**Task goal**
The line containing "Leaving None But" marks the end: quote every line from the start of the records below through it, word for word.

**Records provided**
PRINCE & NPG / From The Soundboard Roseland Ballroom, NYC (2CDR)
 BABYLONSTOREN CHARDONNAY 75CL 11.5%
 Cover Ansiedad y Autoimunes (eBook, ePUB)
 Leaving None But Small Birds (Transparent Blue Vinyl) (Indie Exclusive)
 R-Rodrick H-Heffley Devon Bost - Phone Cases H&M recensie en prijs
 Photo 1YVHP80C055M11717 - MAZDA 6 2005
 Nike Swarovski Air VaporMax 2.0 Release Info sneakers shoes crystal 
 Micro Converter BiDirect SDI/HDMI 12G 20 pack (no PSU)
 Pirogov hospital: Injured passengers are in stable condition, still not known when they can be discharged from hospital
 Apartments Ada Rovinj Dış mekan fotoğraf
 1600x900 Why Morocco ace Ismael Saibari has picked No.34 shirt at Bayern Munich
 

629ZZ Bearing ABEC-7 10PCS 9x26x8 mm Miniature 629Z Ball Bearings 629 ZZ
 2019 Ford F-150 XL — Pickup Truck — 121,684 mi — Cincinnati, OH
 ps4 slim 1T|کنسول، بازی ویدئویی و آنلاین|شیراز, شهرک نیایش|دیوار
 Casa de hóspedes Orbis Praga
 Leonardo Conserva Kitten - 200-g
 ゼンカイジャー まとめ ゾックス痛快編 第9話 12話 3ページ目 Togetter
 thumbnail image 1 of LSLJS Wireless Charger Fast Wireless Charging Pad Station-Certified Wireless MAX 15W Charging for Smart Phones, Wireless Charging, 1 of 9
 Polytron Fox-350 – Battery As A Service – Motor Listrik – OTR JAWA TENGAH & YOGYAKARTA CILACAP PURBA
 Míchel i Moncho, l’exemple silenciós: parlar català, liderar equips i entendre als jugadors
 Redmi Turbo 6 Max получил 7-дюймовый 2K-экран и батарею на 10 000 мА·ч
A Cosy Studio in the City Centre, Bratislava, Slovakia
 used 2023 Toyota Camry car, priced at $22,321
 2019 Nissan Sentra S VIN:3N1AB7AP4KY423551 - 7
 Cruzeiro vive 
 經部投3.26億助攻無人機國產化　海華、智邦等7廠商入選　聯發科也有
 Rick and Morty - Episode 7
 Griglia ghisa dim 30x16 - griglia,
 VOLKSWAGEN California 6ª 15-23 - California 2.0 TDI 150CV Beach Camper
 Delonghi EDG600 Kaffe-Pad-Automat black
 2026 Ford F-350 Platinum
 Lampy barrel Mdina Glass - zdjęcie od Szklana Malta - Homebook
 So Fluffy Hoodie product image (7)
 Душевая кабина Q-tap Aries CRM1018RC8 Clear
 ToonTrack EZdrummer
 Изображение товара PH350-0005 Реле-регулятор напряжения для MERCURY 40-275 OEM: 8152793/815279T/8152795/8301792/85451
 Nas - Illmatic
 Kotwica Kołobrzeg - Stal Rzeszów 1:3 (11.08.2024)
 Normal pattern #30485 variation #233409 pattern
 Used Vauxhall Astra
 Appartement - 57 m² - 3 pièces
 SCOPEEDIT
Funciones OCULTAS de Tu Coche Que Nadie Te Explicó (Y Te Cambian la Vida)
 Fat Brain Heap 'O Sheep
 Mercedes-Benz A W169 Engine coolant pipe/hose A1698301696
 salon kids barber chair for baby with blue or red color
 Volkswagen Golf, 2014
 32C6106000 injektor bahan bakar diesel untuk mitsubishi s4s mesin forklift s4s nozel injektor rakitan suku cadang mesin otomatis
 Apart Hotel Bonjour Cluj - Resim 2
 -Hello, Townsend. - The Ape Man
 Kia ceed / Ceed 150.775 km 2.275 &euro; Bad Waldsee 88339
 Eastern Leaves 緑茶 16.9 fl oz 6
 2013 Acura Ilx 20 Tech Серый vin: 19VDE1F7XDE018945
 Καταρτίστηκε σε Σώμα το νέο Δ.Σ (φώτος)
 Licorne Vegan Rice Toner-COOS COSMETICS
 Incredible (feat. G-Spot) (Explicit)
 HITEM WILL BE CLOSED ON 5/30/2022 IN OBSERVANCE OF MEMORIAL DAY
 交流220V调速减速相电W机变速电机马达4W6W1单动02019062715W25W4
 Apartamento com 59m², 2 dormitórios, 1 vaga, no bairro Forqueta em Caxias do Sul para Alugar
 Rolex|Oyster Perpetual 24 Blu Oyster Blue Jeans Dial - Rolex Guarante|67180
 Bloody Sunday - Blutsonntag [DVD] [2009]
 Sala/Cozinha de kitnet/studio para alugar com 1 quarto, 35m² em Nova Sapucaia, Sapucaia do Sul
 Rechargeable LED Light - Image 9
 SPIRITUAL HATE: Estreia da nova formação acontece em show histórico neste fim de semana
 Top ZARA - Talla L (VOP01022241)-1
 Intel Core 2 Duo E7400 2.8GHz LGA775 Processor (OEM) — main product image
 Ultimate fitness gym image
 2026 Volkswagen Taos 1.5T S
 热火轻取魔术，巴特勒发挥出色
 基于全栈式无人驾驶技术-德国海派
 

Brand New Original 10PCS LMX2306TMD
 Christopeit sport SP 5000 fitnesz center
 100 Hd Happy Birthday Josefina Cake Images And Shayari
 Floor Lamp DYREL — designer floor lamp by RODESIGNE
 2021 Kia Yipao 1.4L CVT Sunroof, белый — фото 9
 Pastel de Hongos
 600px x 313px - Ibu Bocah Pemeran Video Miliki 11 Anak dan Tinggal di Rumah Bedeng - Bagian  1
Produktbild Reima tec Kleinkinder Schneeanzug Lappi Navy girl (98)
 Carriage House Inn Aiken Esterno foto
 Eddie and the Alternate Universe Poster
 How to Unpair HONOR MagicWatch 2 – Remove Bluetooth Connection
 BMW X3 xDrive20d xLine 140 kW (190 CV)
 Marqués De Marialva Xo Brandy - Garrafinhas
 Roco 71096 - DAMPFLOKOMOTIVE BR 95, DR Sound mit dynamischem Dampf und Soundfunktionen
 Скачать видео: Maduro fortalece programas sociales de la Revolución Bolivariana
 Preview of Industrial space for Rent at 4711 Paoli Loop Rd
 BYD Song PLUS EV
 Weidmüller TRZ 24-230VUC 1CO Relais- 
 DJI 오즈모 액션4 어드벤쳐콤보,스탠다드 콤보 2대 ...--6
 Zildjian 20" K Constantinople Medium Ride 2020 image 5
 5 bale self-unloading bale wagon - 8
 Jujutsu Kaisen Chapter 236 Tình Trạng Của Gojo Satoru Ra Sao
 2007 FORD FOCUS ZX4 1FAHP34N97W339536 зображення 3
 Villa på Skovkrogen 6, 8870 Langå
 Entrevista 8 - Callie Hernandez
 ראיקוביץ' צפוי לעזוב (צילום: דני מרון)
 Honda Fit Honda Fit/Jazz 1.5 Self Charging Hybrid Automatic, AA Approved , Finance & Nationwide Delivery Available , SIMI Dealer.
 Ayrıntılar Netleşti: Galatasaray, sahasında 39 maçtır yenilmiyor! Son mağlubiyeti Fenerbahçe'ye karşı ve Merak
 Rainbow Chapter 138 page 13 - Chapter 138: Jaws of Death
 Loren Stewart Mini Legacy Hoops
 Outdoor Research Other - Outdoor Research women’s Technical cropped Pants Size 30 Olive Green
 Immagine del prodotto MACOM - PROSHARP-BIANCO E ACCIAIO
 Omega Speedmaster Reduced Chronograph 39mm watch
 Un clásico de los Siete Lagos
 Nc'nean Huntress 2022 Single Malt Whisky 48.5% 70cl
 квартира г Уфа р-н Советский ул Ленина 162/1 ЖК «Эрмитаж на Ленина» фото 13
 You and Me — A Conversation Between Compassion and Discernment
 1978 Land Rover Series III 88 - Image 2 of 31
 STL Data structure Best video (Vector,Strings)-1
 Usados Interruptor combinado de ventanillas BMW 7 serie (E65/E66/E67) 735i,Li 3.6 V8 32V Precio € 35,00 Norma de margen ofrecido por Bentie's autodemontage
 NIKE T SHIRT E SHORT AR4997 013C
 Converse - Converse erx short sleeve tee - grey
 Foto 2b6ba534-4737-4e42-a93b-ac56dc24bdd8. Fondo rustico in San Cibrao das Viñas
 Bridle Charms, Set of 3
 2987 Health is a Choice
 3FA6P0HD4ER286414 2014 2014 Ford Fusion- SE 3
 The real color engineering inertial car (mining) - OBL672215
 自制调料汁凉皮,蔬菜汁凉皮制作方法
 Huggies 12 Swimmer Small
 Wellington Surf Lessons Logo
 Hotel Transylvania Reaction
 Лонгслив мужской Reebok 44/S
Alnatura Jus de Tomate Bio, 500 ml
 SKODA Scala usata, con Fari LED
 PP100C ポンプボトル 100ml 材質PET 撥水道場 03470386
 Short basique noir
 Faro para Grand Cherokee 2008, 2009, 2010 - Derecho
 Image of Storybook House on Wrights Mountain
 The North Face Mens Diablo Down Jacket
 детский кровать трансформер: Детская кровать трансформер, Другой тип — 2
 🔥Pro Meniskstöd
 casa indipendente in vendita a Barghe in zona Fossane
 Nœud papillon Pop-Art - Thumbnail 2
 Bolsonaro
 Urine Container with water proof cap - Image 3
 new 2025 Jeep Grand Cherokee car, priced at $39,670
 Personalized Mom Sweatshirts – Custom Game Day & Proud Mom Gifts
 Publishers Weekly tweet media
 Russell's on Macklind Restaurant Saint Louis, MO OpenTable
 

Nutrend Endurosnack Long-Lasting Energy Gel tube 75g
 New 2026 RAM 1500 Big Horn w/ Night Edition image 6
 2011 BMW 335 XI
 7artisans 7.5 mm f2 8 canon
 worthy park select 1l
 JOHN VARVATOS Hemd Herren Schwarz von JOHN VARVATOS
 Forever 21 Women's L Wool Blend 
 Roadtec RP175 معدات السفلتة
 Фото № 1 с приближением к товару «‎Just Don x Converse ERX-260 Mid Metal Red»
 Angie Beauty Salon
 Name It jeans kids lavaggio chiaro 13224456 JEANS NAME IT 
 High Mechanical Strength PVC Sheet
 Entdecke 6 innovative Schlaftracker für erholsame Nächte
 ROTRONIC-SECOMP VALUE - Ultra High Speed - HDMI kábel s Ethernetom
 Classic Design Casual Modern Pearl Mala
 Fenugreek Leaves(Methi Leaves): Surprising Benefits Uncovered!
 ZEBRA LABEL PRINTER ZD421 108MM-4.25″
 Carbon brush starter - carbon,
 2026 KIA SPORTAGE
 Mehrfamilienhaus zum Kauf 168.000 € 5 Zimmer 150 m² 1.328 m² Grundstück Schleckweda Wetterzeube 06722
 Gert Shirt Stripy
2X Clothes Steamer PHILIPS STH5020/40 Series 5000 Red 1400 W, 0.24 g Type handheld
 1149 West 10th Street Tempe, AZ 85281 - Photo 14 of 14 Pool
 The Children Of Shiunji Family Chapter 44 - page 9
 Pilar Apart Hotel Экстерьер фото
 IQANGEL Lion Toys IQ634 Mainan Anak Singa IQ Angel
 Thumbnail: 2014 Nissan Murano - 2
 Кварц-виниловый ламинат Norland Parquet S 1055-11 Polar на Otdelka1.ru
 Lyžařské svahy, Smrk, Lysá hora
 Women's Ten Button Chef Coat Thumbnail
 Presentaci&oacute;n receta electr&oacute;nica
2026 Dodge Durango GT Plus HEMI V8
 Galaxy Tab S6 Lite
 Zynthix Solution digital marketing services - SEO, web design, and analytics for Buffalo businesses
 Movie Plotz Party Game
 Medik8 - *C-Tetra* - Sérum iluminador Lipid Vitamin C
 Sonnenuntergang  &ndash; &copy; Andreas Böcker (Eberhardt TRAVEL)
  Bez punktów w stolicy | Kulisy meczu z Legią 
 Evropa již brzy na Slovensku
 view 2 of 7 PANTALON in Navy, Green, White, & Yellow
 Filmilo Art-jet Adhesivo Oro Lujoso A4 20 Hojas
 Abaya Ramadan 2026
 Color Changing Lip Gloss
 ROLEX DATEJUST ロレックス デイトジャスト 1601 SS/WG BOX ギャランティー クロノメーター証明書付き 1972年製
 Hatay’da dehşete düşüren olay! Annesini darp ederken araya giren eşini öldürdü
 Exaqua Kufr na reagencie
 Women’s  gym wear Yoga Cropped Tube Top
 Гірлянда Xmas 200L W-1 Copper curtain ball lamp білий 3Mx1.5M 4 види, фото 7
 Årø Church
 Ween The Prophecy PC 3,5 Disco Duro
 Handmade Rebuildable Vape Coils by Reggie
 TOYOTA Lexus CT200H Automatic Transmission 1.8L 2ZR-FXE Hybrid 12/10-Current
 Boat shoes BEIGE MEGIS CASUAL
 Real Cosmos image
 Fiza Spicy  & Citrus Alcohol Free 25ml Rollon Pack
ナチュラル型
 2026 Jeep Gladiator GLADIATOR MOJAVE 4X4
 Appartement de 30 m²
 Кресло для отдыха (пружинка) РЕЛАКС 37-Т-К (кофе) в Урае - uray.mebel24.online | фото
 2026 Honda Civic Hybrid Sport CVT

**Written response**
PRINCE & NPG / From The Soundboard Roseland Ballroom, NYC (2CDR)
 BABYLONSTOREN CHARDONNAY 75CL 11.5%
 Cover Ansiedad y Autoimunes (eBook, ePUB)
 Leaving None But Small Birds (Transparent Blue Vinyl) (Indie Exclusive)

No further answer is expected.